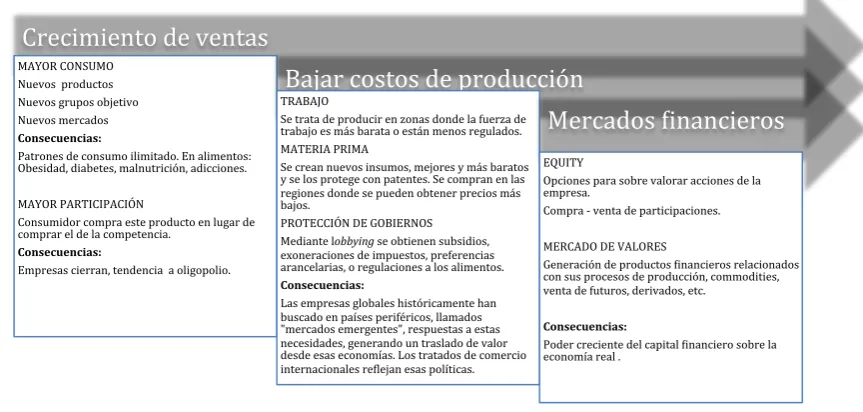 Cuadro 2.2. Vías para incrementar ganancias en las empresas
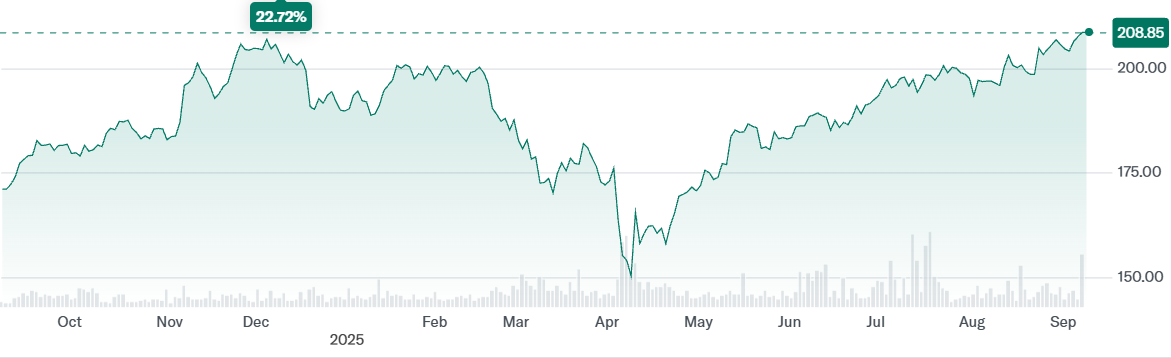 VXFの過去1年間の価格変動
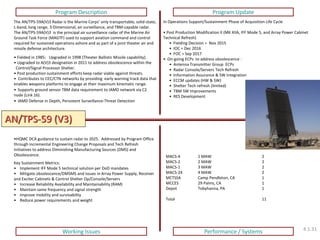 AN/TPS-59 (V3) 
Program Description 
Program Update 
Working Issues 
Performance / Systems 
MACS-4 1 MAW 2 MACS-2 2 MAW 2 MACS-1 3 MAW 2 MACS-24 4 MAW 2 MCTSSA Camp Pendleton, CA 1 MCCES 29 Palms, CA 1 Depot Tobyhanna, PA 1 Total 11 
The AN/TPS-59A(V)3 Radar is the Marine Corps’ only transportable, solid-state, L-band, long range, 3-Dimensional, air surveillance, and TBM-capable radar. The AN/TPS-59A(V)3 is the principal air surveillance radar of the Marine Air Ground Task Force (MAGTF) used to support aviation command and control required for sustained operations ashore and as part of a joint theater air and missile defense architecture. 
• Fielded in 1985: Upgraded in 1998 (Theater Ballistic Missile capability). 
• Upgraded to A(V)3 designation in 2011 to address obsolescence within the Control/Signal Processor Shelter. 
• Post production sustainment efforts keep radar viable against threats. 
• Contributes to CEC/CTN networks by providing early warning track data that enables weapons platforms to engage at their maximum kinematic range. 
•Supports ground sensor TBM data requirement to IAMD network via C2 node (Link 16). 
•IAMD Defense in Depth, Persistent Surveillance-Threat Detection 
In Operations Support/Sustainment Phase of Acquisition Life Cycle 
• Post Production Modification II (MK XIIA, IFF Mode 5, and Array Power Cabinet Technical Refresh) 
• Fielding Decision = Nov 2015 
• IOC = Dec 2016 
• FOC = Sep 2017 
• On-going ECPs to address obsolescence : 
• Antenna Transmitter Group ECPs 
• Radar Console/Servers Tech Refresh 
• Information Assurance & SW Integration 
• ECCM updates (HW & SW) 
• Shelter Tech refresh (limited) 
• TBM SW Improvements 
• RES Development 
•HQMC DCA guidance to sustain radar to 2025. Addressed by Program Office through incremental Engineering Change Proposals and Tech Refresh Initiatives to address Diminishing Manufacturing Sources (DMS) and Obsolescence. Key Sustainment Metrics: 
•Implement IFF Mode 5 technical solution per DoD mandates 
•Mitigate obsolescence/DMSMS and issues in Array Power Supply, Receiver and Exciter Cabinets & Control Shelter Op/Console/Servers 
•Increase Reliability Availability and Maintainability (RAM) 
•Maintain same frequency and signal strength 
•Improve mobility and survivability 
•Reduce power requirements and weight 
4.1.31  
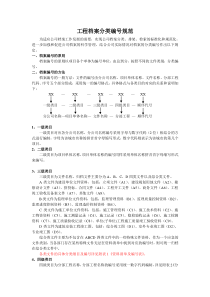 工程档案分类编号规范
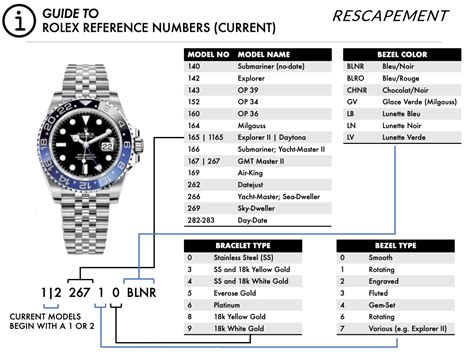 Rolex reference numbers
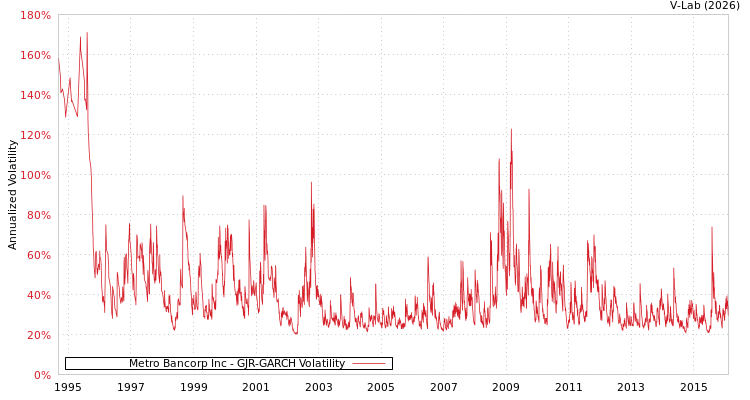 graph of Metro Bancorp Inc GJR-GARCH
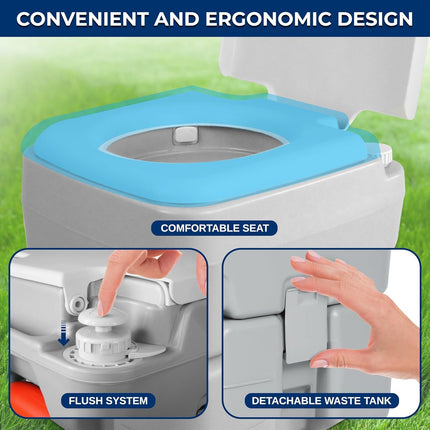 SerenLife Portable Toilet - 5.2 Gallon Camping and RV Porta Potty, Flushable, Leak Proof and Detachable Waste Tank, Ideal for Road Trip, Boats, Travel and Hiking Gear Essentials 🍁 All In One Marketplace Canada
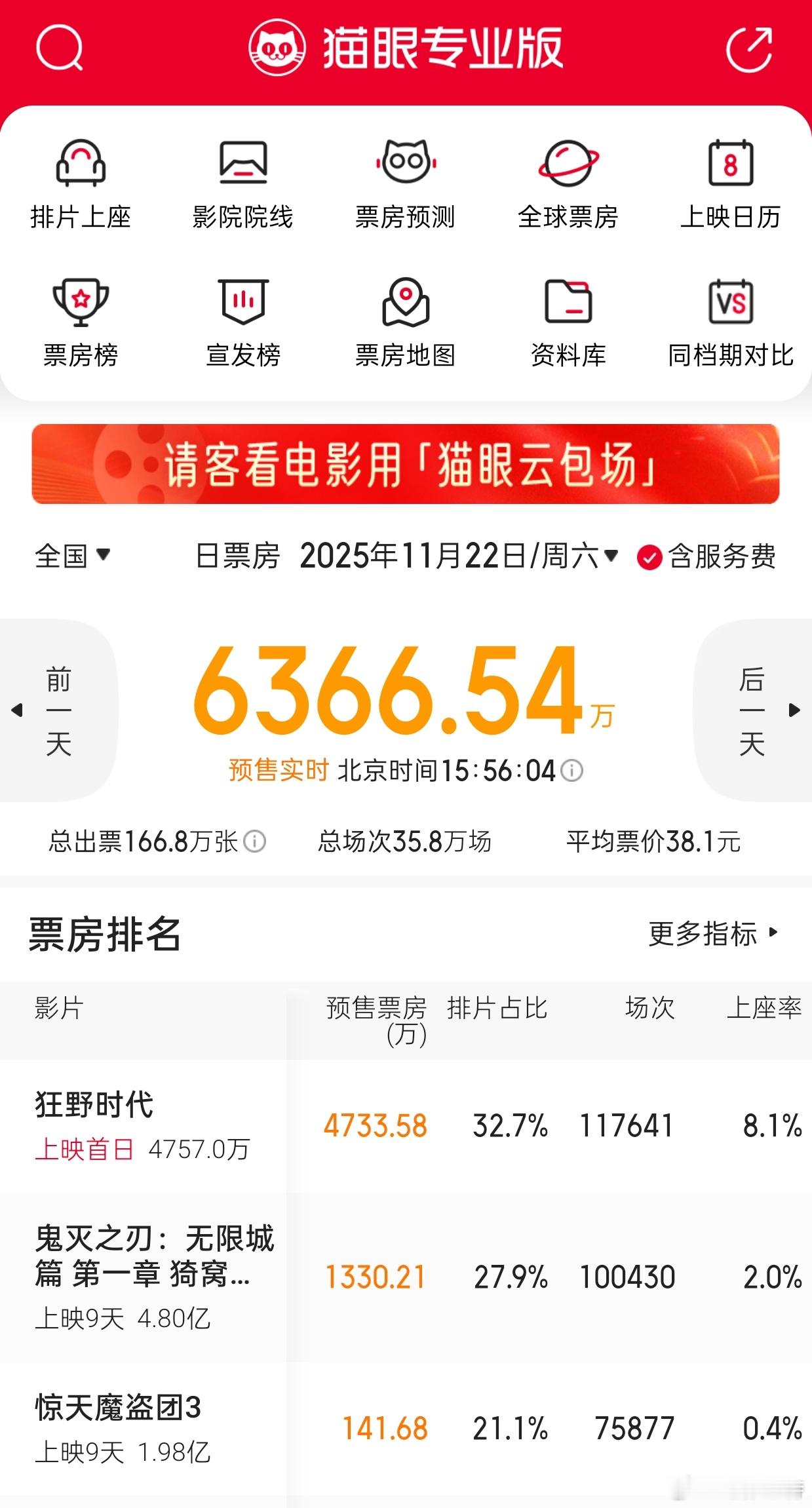 明天周六《狂野时代》《鬼灭之刃》《惊天魔盗团3》三驾马车排片占比超80%，其他电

[Goal of the exercise]: From the entries above, copy exactly the lines starting at the one with "AN/TPS-59 (V3)" and stopping at the one with "Control Shelter Op/Console/Servers", keeping both ends. Drop the pictures.

[Answer for this exercise]:
 AN/TPS-59 (V3) 
Program Description 
Program Update 
Working Issues 
Performance / Systems 
MACS-4 1 MAW 2 MACS-2 2 MAW 2 MACS-1 3 MAW 2 MACS-24 4 MAW 2 MCTSSA Camp Pendleton, CA 1 MCCES 29 Palms, CA 1 Depot Tobyhanna, PA 1 Total 11 
The AN/TPS-59A(V)3 Radar is the Marine Corps’ only transportable, solid-state, L-band, long range, 3-Dimensional, air surveillance, and TBM-capable radar. The AN/TPS-59A(V)3 is the principal air surveillance radar of the Marine Air Ground Task Force (MAGTF) used to support aviation command and control required for sustained operations ashore and as part of a joint theater air and missile defense architecture. 
• Fielded in 1985: Upgraded in 1998 (Theater Ballistic Missile capability). 
• Upgraded to A(V)3 designation in 2011 to address obsolescence within the Control/Signal Processor Shelter. 
• Post production sustainment efforts keep radar viable against threats. 
• Contributes to CEC/CTN networks by providing early warning track data that enables weapons platforms to engage at their maximum kinematic range. 
•Supports ground sensor TBM data requirement to IAMD network via C2 node (Link 16). 
•IAMD Defense in Depth, Persistent Surveillance-Threat Detection 
In Operations Support/Sustainment Phase of Acquisition Life Cycle 
• Post Production Modification II (MK XIIA, IFF Mode 5, and Array Power Cabinet Technical Refresh) 
• Fielding Decision = Nov 2015 
• IOC = Dec 2016 
• FOC = Sep 2017 
• On-going ECPs to address obsolescence : 
• Antenna Transmitter Group ECPs 
• Radar Console/Servers Tech Refresh 
• Information Assurance & SW Integration 
• ECCM updates (HW & SW) 
• Shelter Tech refresh (limited) 
• TBM SW Improvements 
• RES Development 
•HQMC DCA guidance to sustain radar to 2025. Addressed by Program Office through incremental Engineering Change Proposals and Tech Refresh Initiatives to address Diminishing Manufacturing Sources (DMS) and Obsolescence. Key Sustainment Metrics: 
•Implement IFF Mode 5 technical solution per DoD mandates 
•Mitigate obsolescence/DMSMS and issues in Array Power Supply, Receiver and Exciter Cabinets & Control Shelter Op/Console/Servers 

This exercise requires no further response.